Extracted entries:

════════

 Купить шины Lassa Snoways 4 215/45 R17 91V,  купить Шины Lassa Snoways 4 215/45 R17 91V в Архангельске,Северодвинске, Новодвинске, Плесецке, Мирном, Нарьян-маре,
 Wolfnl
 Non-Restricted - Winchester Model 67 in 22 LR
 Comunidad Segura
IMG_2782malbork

════════

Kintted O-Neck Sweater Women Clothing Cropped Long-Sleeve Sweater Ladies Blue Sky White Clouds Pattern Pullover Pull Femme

════════

Problem to work on:
Retype the entries above exactly, but only from the line containing "215/45 R17 91V в" through the line containing "IMG_2782malbork", both included.

Problem solution:
 Купить шины Lassa Snoways 4 215/45 R17 91V,  купить Шины Lassa Snoways 4 215/45 R17 91V в Архангельске,Северодвинске, Новодвинске, Плесецке, Мирном, Нарьян-маре,
 Wolfnl
 Non-Restricted - Winchester Model 67 in 22 LR
 Comunidad Segura
IMG_2782malbork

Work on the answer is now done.